▼

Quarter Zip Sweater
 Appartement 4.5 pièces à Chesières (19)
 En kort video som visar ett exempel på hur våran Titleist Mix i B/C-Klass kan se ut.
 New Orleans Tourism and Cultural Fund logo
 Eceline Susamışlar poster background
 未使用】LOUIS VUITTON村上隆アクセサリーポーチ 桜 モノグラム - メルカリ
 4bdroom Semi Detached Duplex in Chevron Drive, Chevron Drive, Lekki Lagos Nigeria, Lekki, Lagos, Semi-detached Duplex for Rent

▲

→ Activity
The response is the exact set of lines from the one holding "未使用】LOUIS VUITTON村上隆アクセサリーポーチ 桜 モノグラム - メルカリ" through the last line of the material.

→ Written response
 未使用】LOUIS VUITTON村上隆アクセサリーポーチ 桜 モノグラム - メルカリ
 4bdroom Semi Detached Duplex in Chevron Drive, Chevron Drive, Lekki Lagos Nigeria, Lekki, Lagos, Semi-detached Duplex for Rent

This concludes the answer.